Search code examples
gosslcryptography

Is it possible to decrease the number of sign operations for a tls client certificate?

This is not a golang specific question. But to set the stage: I am using golang and a tls client certificate.

The tls client certificate is configured as such:

cert := tls.Certificate{
    Certificate: crtbytes,
    PrivateKey: signer,
}

This works fine and tls is used, however each time the signers .Sign is called a UI prompt is issued requiring manual entry of the PIN for the signing.

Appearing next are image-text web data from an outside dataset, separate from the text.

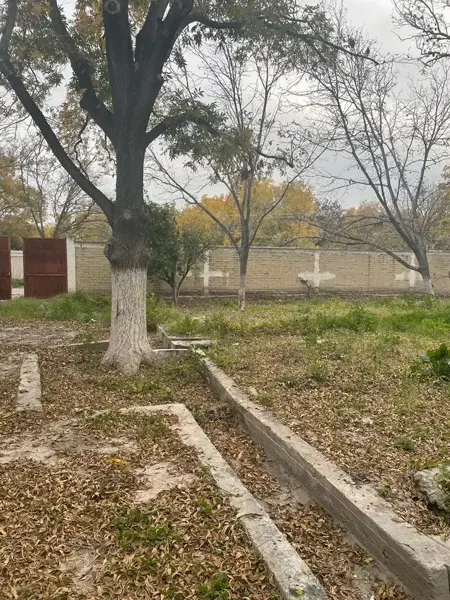 Terreno en venta en Parras de la Fuente Centro, Parras — foto 2 de 5
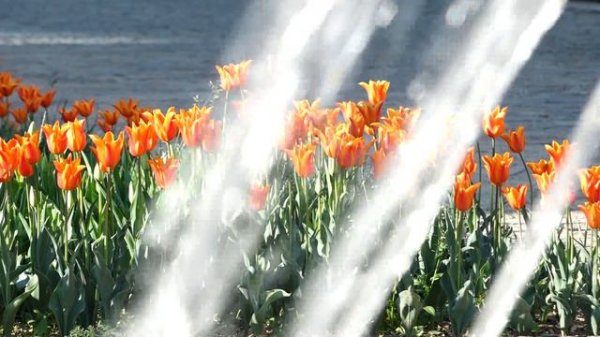 Носир Рахимов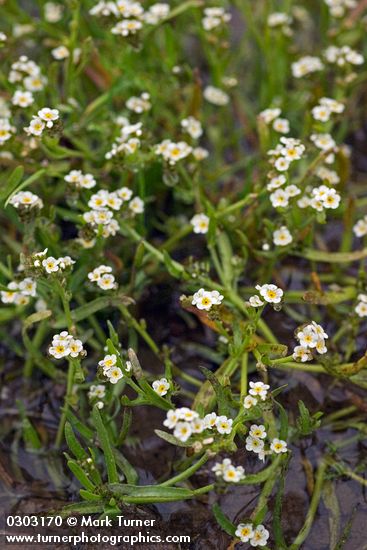 Plagiobothrys scouleri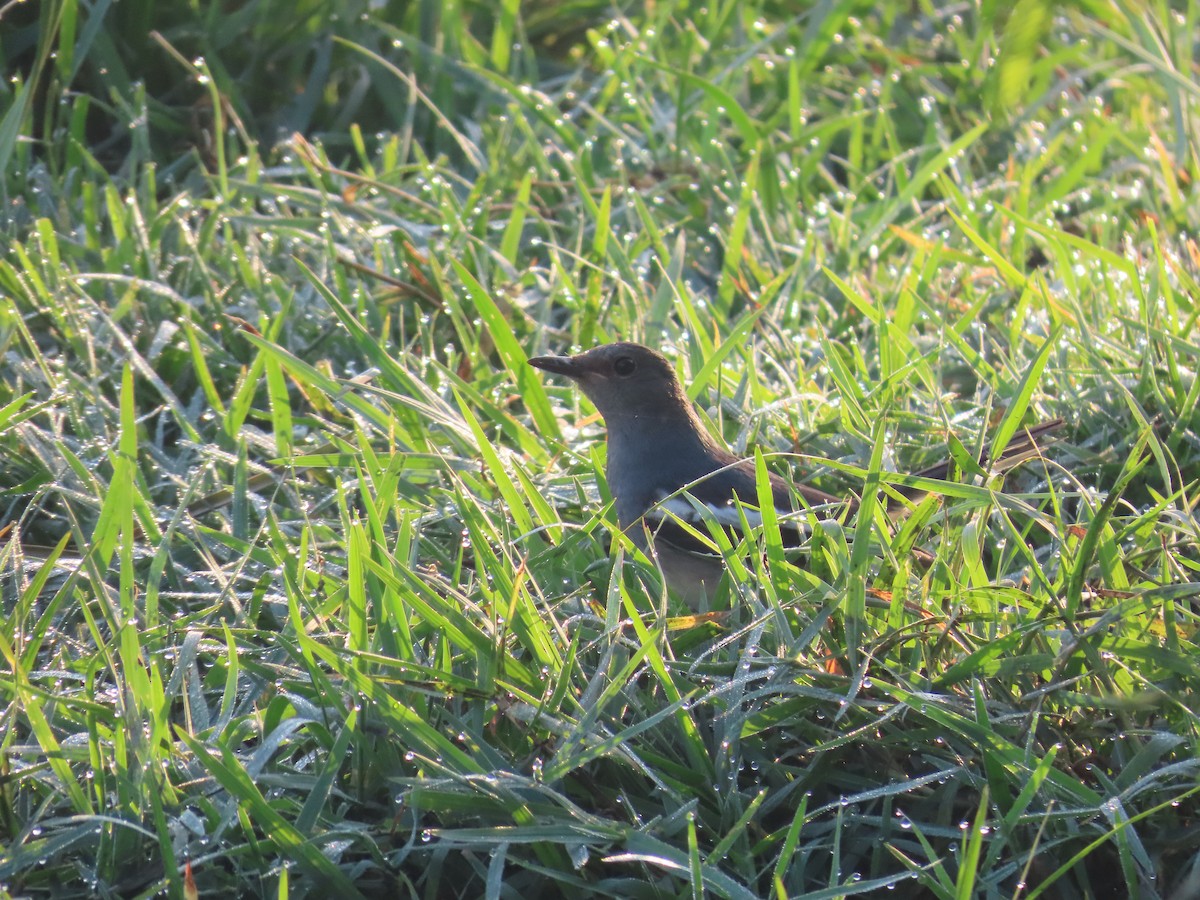 Oriental Magpie-Robin - ML628108952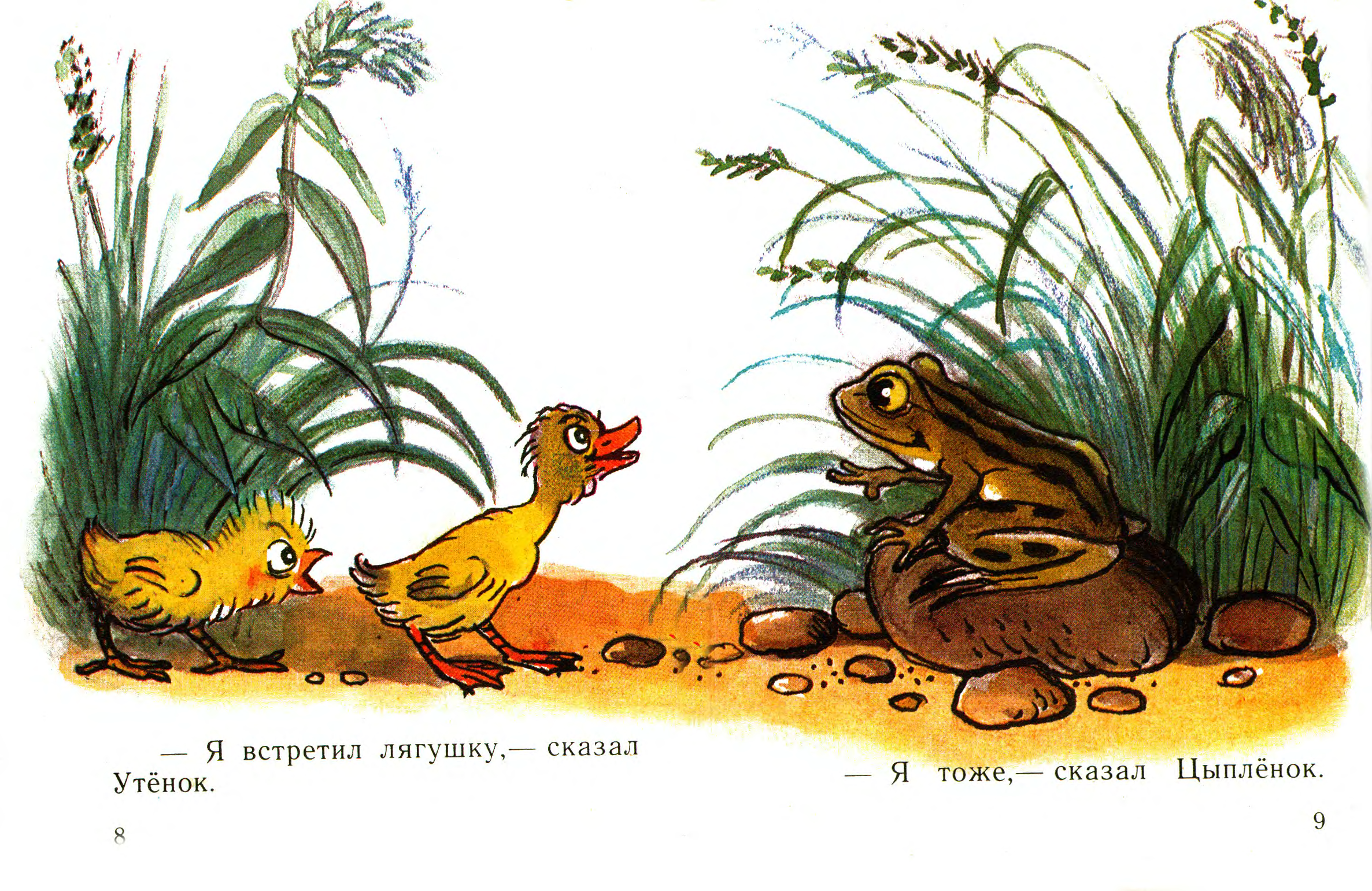 Иллюстрации к сказке Сутеева цыпленок и утенок
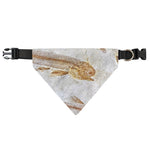Lycoptera Fish Fossil Print Over The Collar Dog Bandana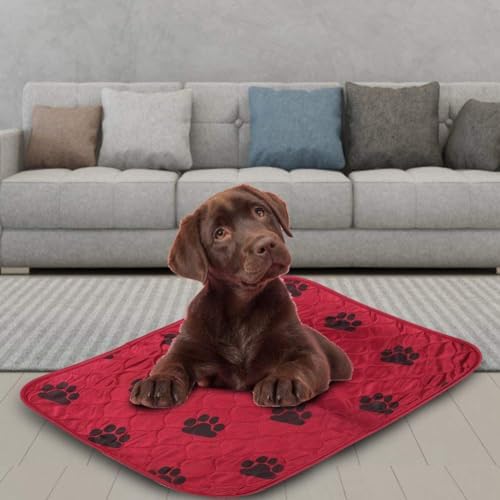 Cyrank Reusable Dog Pee Pads, Washable Pee Pads for Dogs Training Pads for Dogs Puppy Potty Training Pads Potty Pads for Puppies Dog Whelping Pads Dog Mat Pee Pad for Pig Mat, 40 * 60cm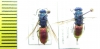 Chrysididae sp.  Kirgizstan - INSECTS-STORE.RU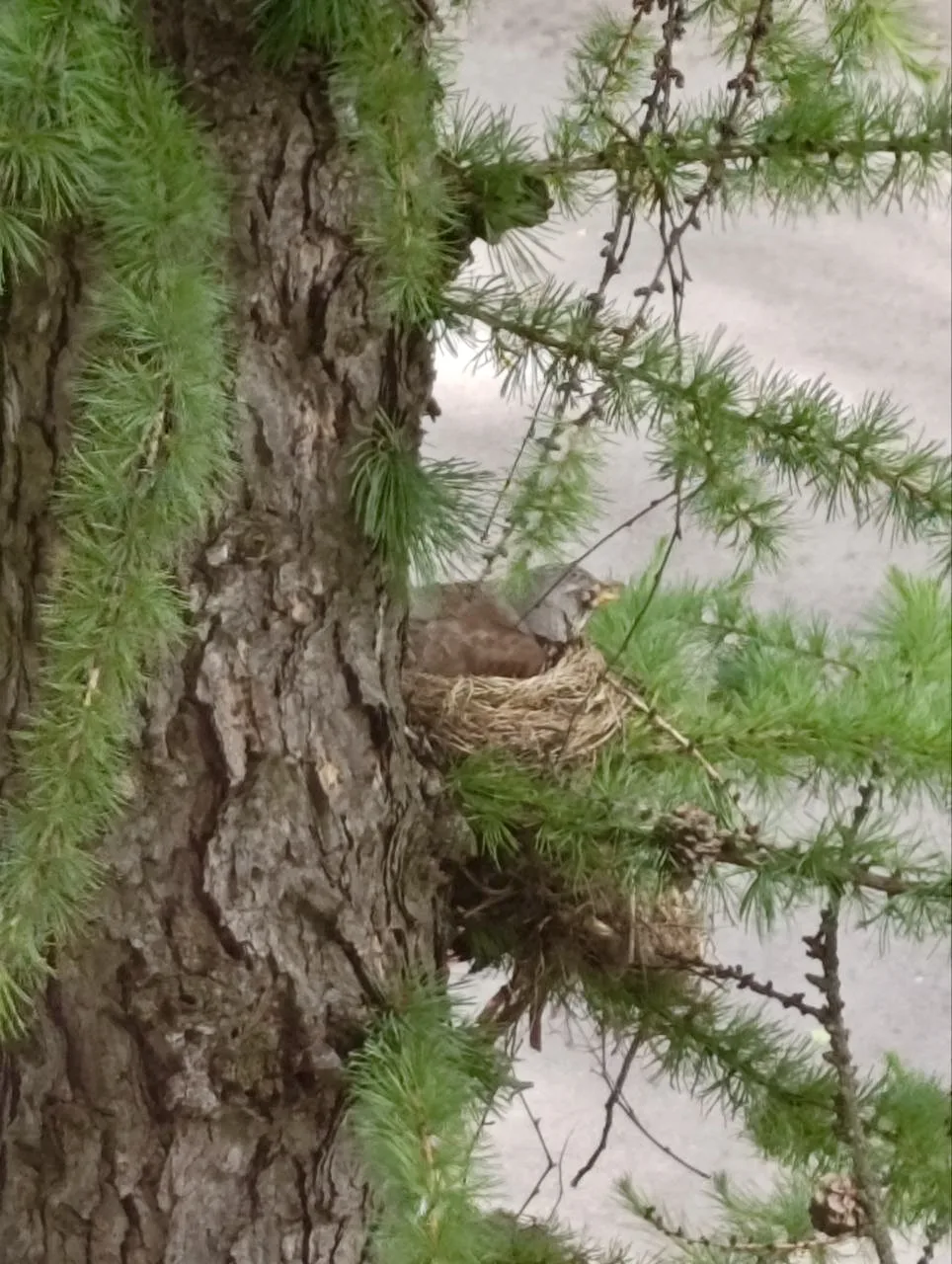 🐦‍⬛А у нас за окном живёт дрозд!  😊Для всей школы это просто птица, а для 8 «А» — Тардус математикус
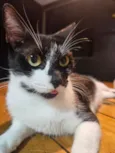 Lily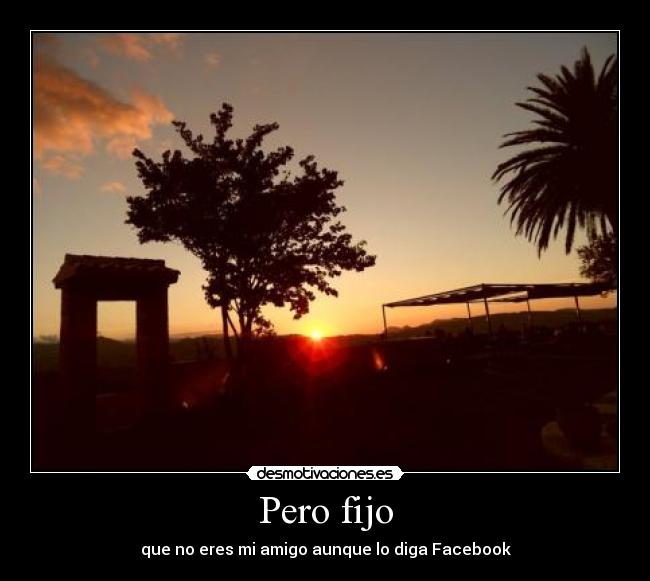 Pero fijo - que no eres mi amigo aunque lo diga Facebook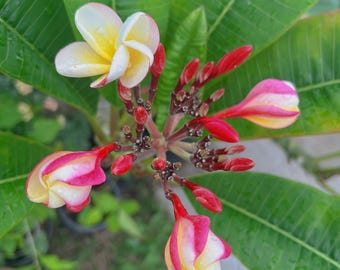 BUY 3 GET 1 FREE - 1 Cutting 12 inch Plumeria Fragrant unrooted cutting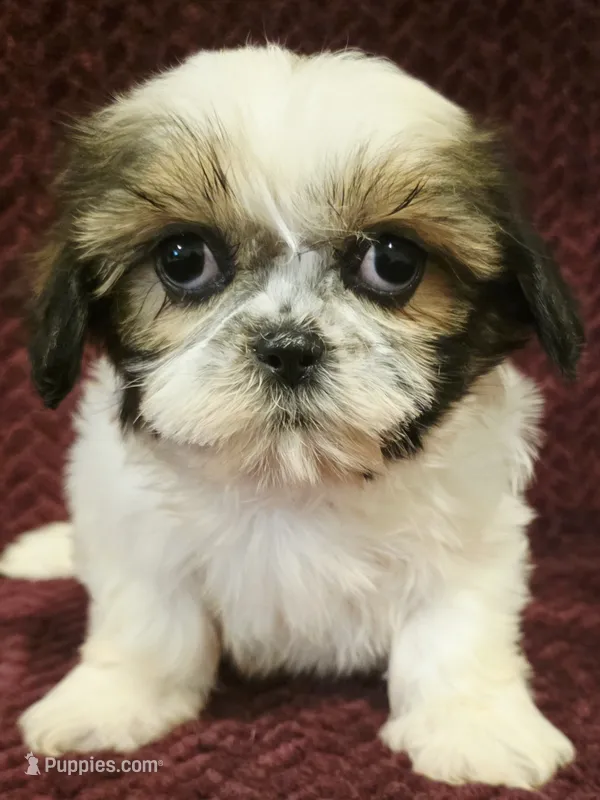 Blake – Shih Tzu puppy for sale in Kendall, WI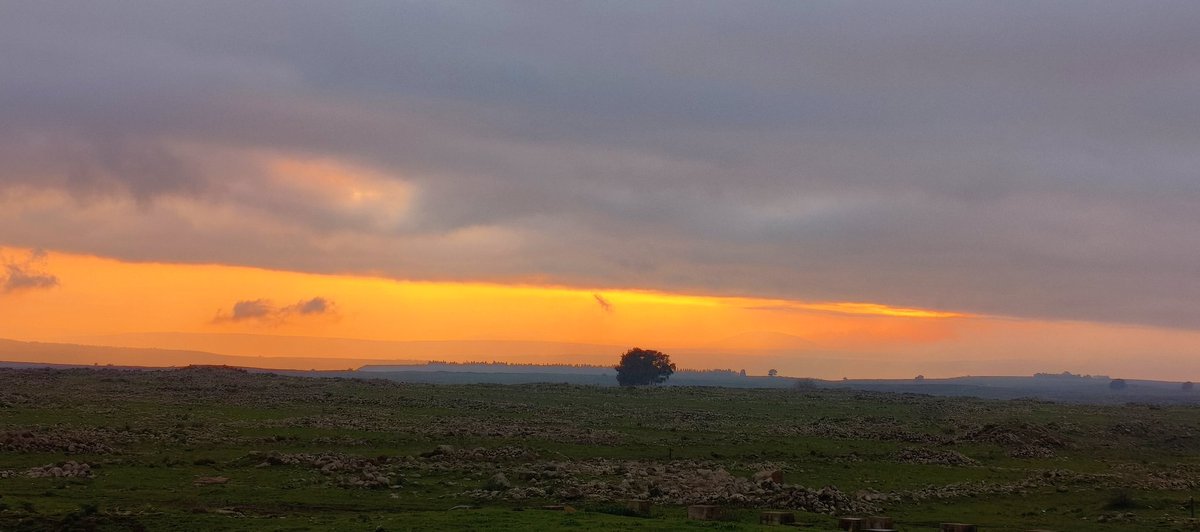 הנה חברים גם יום ראשון חלף כלא היה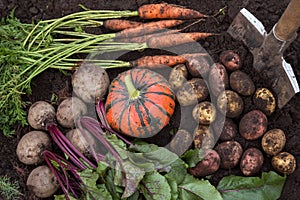 Pumpkin, potato, carrot, beetroot on soil, ground in garden. Harvest of fresh raw organic vegetables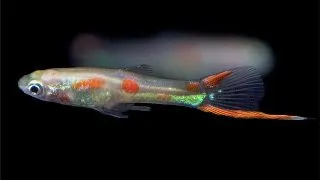 Poecilia endler golden mascul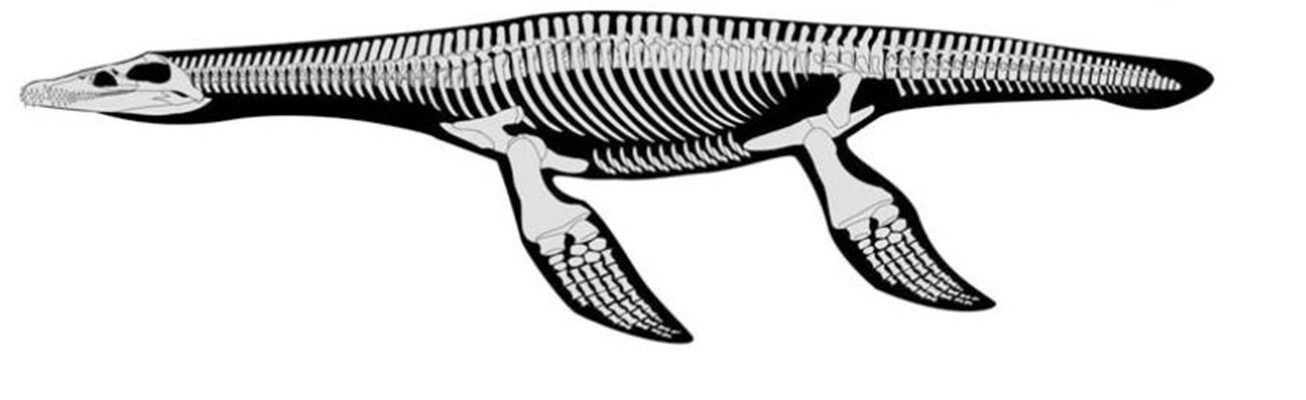  p>菱龙(属名:rhomaleosaurus)又叫彪龙也翻译为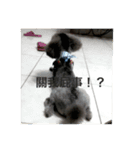 Gray Poodle so cute（個別スタンプ：9）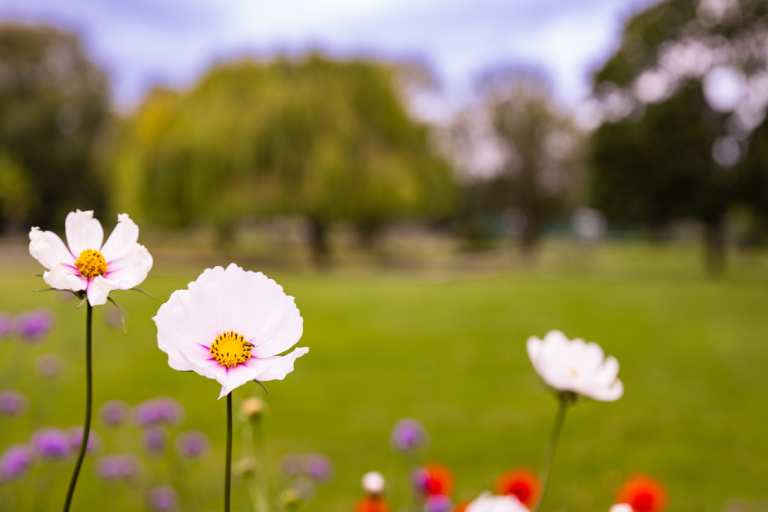 White flowers in focus with blurry background of trees in a park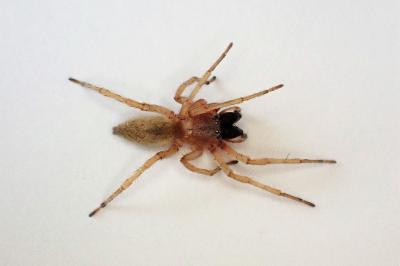 <i>Clubiona phragmitis</i>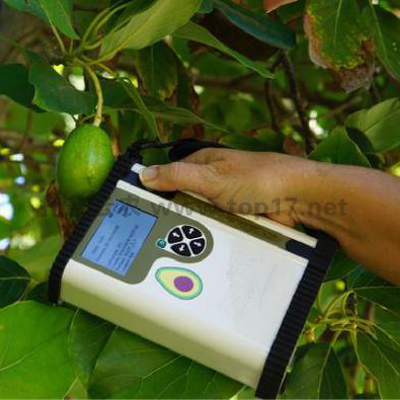 鱷梨品質(zhì)無損測量儀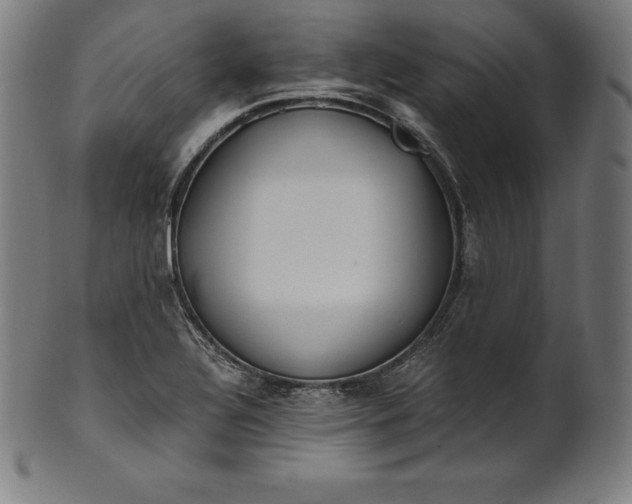 X0000101191320200807110935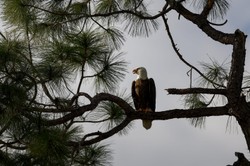 Ochrona zwierząt przed wyginięciem to również strategia klimatyczna
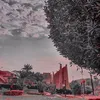 zozo__875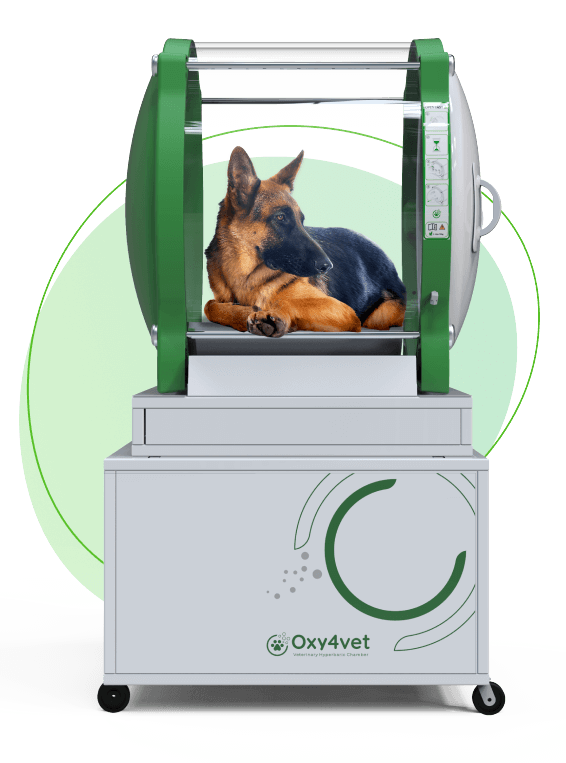 Oxy4Vet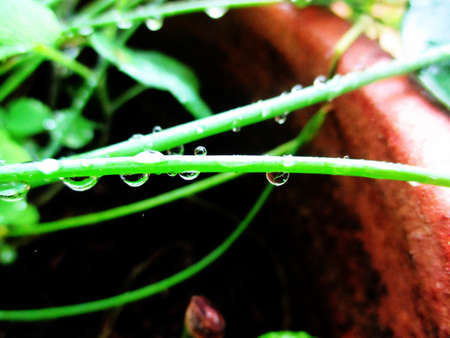 dropsの写真素材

I have reviewed the system and there is no way to avoid this PIN prompt when signing, so the only alternative left is to somehow decrease the number of sign operations performed by tls.

The cert & tls is used for multiple HTTPS connections towards a limited number of servers.

Reading through the crypto/tls documentation I cannot find anything that could be useful.

Does the TLS specification support anything that would decrease the number of required signatures?

Solution

  • Typically, when you make a TLS connection, the server can request a client certificate, and if so, there will be a single signature on both sides. (If you're using HTTP/2, there will typically be a single connection in most cases.) It is possible (but not required) for the server to issue a session ticket, which it sends to the client, which the client can use in a subsequent session to resume that session without the overhead of the full key exchange process.

    However, that session ticket is usually a set of keying material encrypted by a symmetric key on the server side, so using session tickets destroys the perfect forward secrecy of the connection, and thus, it weakens security. If the server is using OpenSSL, it also can reduce the security of the connection because a fixed algorithm is always used.

    The client must also have state to store that session ticket and reuse it (browsers usually do, but other clients often do not), but within those constraints, this could be a possible solution to your problem, at the expense of perfect forward secrecy.

    If the private key is stored in a security key of sorts, it may be possible to have the security key configured so it does not require a PIN. This still would require the presence of the security key since the keying material could not be extracted from it, but it would reduce the burden on the user. That might be a sufficient solution, although your question does imply that it's not possible in your configuration.

    You could also configure your server to normally not require a client certificate, but from time to time (say, once a day), redirect the client to a site that does require the client certificate via a single sign-on mechanism (e.g., OpenID or SAML), which then authenticates the user.